# [Activity]
In the listing below, find the line containing "Superfici commerciali, PRATO, 240.000" and the line containing "vCard 79232064990". Repeat exactly those two lines and every line between them.

── Data for review

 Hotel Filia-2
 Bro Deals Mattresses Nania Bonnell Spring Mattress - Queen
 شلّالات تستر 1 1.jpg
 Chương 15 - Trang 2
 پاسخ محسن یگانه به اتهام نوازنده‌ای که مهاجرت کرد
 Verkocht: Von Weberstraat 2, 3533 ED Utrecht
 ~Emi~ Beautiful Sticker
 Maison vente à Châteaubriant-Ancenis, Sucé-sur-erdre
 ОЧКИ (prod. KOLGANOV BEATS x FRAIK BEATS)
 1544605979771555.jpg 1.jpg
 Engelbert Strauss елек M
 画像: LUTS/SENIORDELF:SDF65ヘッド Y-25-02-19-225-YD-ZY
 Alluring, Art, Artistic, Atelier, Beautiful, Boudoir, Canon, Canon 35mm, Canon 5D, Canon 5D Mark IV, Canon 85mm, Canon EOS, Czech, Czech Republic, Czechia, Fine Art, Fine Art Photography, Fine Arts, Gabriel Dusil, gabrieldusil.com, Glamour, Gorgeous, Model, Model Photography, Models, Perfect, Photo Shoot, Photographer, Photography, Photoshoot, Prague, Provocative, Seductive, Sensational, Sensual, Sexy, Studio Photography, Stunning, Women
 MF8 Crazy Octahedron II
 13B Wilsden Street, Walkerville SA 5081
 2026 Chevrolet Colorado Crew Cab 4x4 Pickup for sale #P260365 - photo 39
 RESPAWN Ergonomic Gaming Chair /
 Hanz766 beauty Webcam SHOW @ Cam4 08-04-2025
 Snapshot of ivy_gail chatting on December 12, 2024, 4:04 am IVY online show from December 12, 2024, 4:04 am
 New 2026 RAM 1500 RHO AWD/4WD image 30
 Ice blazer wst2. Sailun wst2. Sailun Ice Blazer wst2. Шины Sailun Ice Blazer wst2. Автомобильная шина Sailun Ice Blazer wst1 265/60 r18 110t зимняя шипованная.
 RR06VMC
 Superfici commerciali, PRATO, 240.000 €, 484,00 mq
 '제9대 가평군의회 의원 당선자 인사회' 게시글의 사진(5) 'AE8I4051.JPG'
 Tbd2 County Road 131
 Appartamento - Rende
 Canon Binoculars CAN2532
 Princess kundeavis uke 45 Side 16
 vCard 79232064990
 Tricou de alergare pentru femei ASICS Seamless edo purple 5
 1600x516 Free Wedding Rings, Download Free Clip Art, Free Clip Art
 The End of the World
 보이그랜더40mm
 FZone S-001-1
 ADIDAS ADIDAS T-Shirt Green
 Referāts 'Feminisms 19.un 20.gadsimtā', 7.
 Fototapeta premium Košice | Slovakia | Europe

────

# [Answer below]
 Superfici commerciali, PRATO, 240.000 €, 484,00 mq
 '제9대 가평군의회 의원 당선자 인사회' 게시글의 사진(5) 'AE8I4051.JPG'
 Tbd2 County Road 131
 Appartamento - Rende
 Canon Binoculars CAN2532
 Princess kundeavis uke 45 Side 16
 vCard 79232064990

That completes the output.